It’s that time of year when the red carpet is being rolled out and Oscars fever is upon us. Win or lose, one film is sure to create controversy. Zero Dark Thirty - up for five nominations - is a dramatization of the hunt for and killing of Osama bin Laden, and claims to be ‘based on first hand accounts of actual events’. There is no doubt that the storming of bin Laden’s compound on 2 May 2011 had all the ingredients for a Hollywood blockbuster… and so here it is.

The film opens with highly evocative recordings of the voices of 911 victims, trapped in the World Trade Center.  In the first half hour viewers are presented with many scenes of torture of suspected terrorists. Housed in filthy prison conditions, detainees are seen being slapped in the face, punched, forced to listen to extremely loud heavy-metal music, suspended for prolong periods, deprived of sleep, sexually humiliated, confined in a coffin-sized box, led around in a dog collar, and being subjected to simulated death by drowning – more commonly known as waterboarding.  One detainee, who is subject to all of these techniques, finally discloses what the captors want to hear – and this information is shown to help the investigation. Other pieces of the investigative puzzle fall similarly into place.  Scenes of various terrorist bombings around the world are interspersed throughout the movie, as if to remind viewers that the torture they see is for the larger goal of preventing further terrorist attacks.

Seeing torture on the big screen is not new – what then, is the fuss about?

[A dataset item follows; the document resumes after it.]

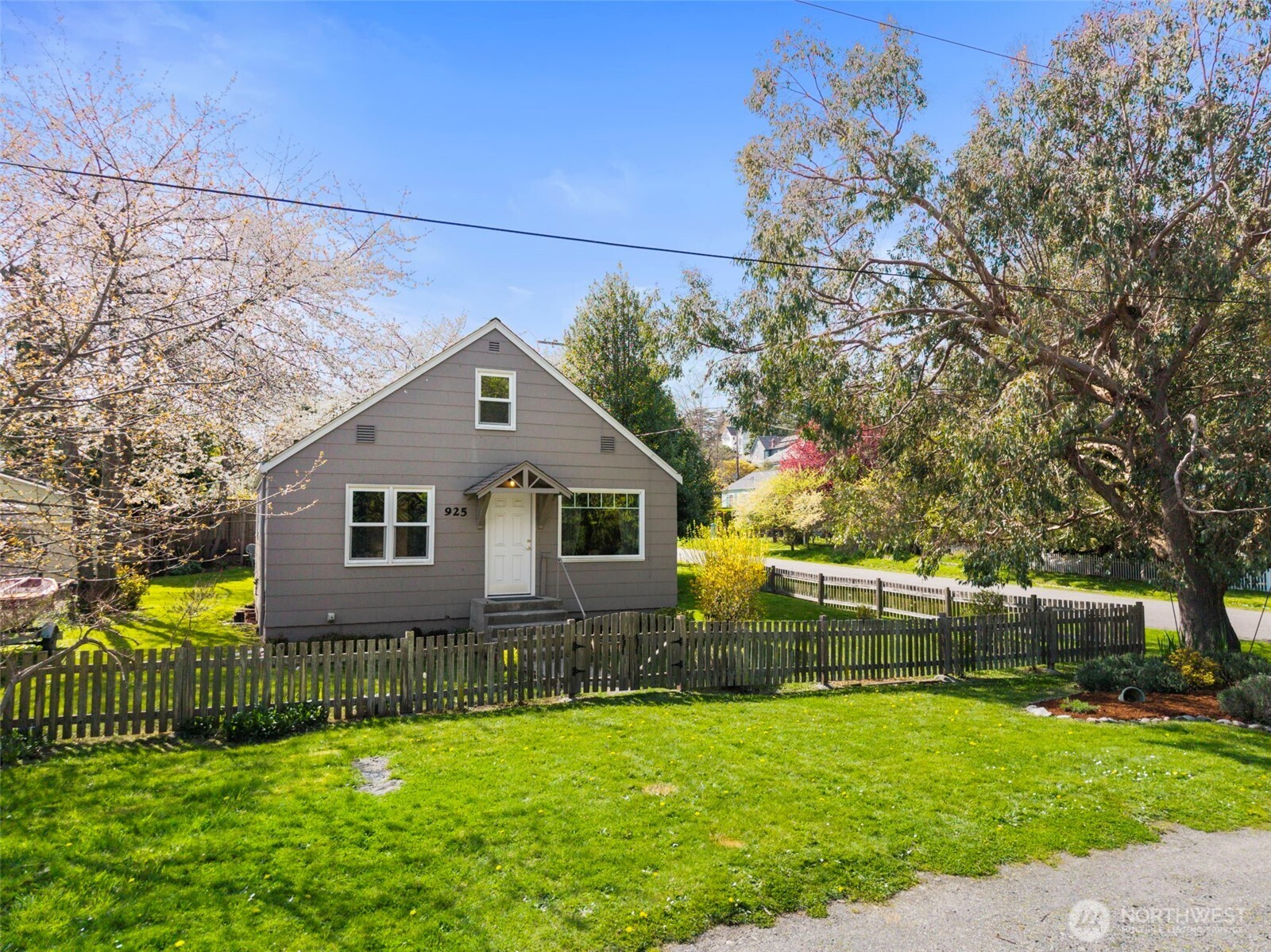 925 Jackson Street Property Photo 1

The storm of controversy arises from the film’s claim that crucial intelligence that led to the identification of bin Laden’s hideout was gathered through the use of torture (or in the CIA’s preferred nomenclature, ‘enhanced interrogation techniques’).

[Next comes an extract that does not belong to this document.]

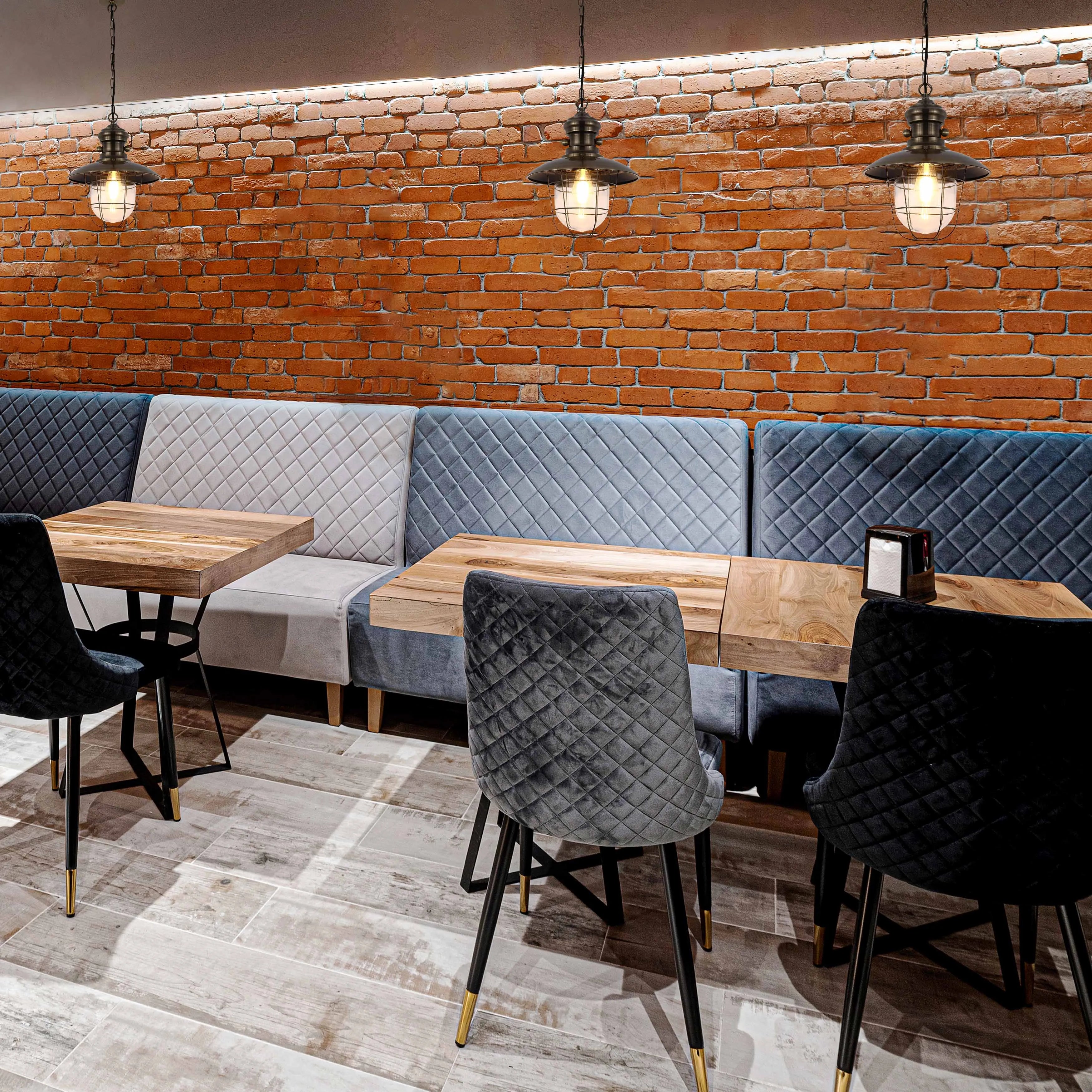 Lámparas Colgantes Estilo Jaula Industrial – Latón Antiguo y Negro con Detalles Rojos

No less than the CIA Acting Director himself has responded, in a rare move of issuing a press release to directly refute the film’s central premise (‘I would not normally comment on a Hollywood film, but…’). Chair of the US Senate Intelligence Committee Diane Feinstein and Armed Services Committee Carl Levin have also concluded that evidence gathered from CIA torture was not the clincher in finding bin Laden, after overseeing the review of more than 6 million pages of records relating to the CIA’s Detention and Interrogation program. Former CIA interrogators, prison staff and former detainees likewise concur. The range and seniority of players that have weighed in on this issue suggests that what is at stake is no less than the movie’s potential to rewrite history in a very dangerous way.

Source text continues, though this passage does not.